EXERCISE PROMPT: All lines from the one containing "Thanks so much" to the end of the listing below should be output exactly; omit the pictures.

DATASET EXCERPT:
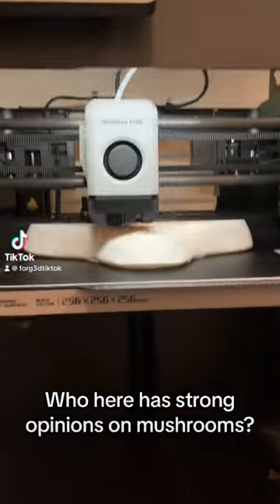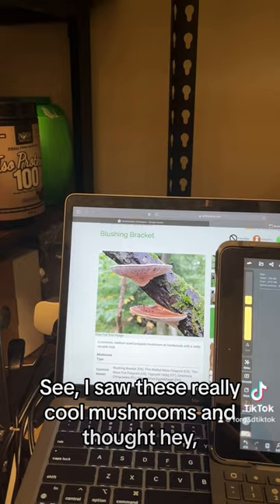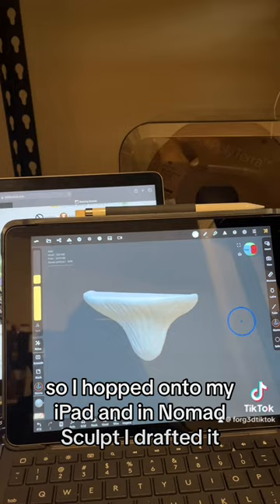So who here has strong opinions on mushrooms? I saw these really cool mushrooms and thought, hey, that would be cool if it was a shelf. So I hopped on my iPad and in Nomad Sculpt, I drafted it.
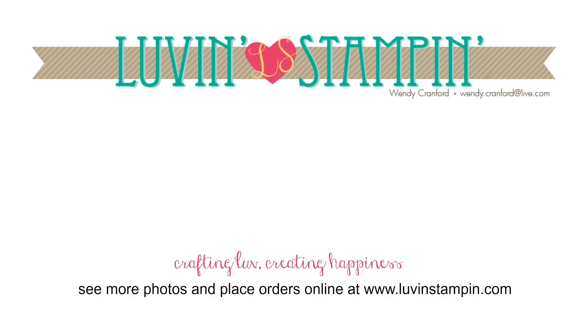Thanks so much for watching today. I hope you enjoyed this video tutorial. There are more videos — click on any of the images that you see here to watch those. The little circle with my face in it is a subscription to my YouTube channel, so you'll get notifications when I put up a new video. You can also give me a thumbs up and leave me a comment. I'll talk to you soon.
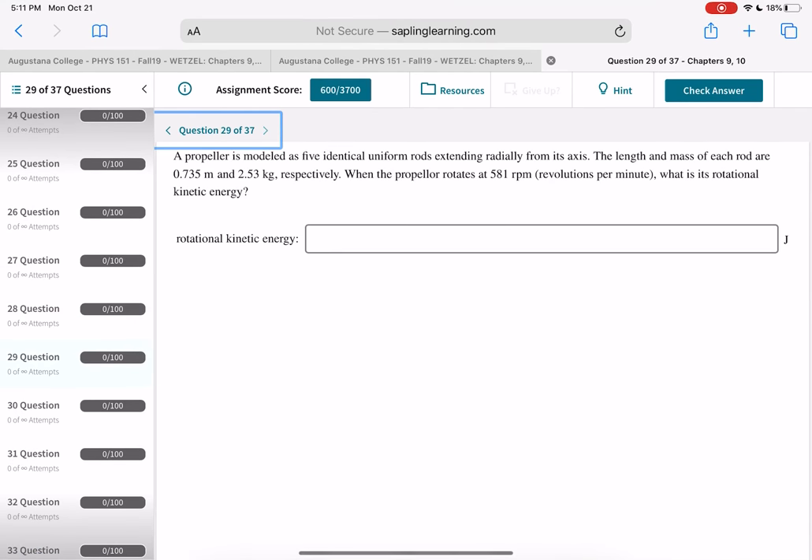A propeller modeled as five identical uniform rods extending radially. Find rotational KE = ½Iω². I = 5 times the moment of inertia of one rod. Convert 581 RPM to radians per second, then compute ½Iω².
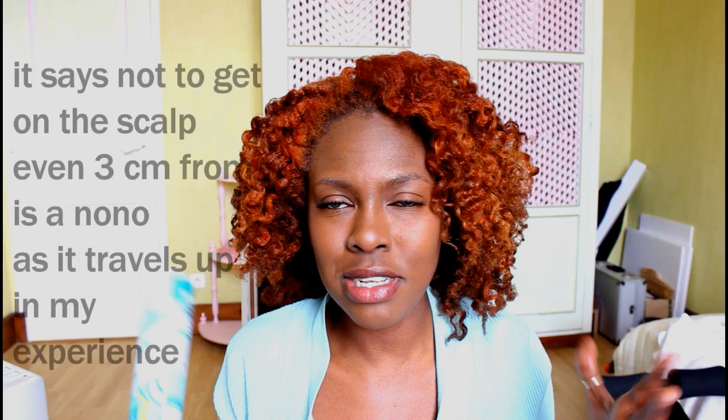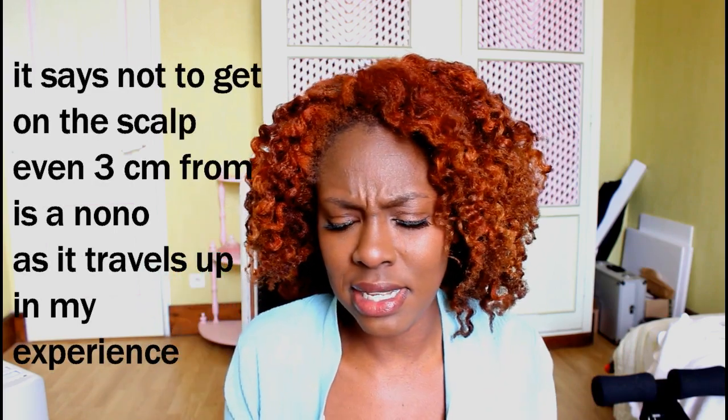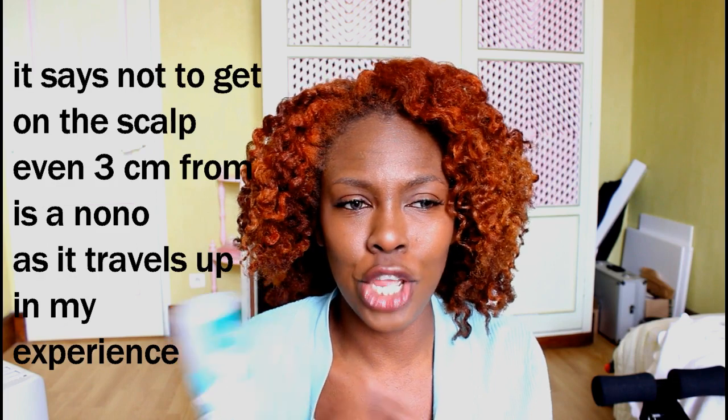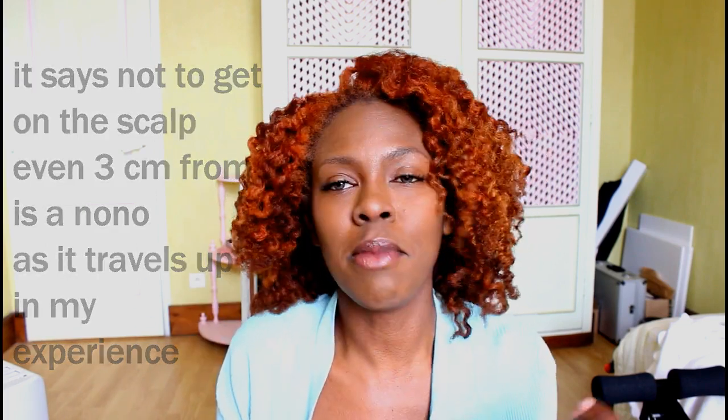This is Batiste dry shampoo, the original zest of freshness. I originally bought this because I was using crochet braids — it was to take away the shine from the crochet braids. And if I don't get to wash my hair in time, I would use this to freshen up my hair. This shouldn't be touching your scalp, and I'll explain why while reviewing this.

EXPECTED ANSWER:
Thanks so much for watching today. I hope you enjoyed this video tutorial. There are more videos — click on any of the images that you see here to watch those. The little circle with my face in it is a subscription to my YouTube channel, so you'll get notifications when I put up a new video. You can also give me a thumbs up and leave me a comment. I'll talk to you soon.
A propeller modeled as five identical uniform rods extending radially. Find rotational KE = ½Iω². I = 5 times the moment of inertia of one rod. Convert 581 RPM to radians per second, then compute ½Iω².
This is Batiste dry shampoo, the original zest of freshness. I originally bought this because I was using crochet braids — it was to take away the shine from the crochet braids. And if I don't get to wash my hair in time, I would use this to freshen up my hair. This shouldn't be touching your scalp, and I'll explain why while reviewing this.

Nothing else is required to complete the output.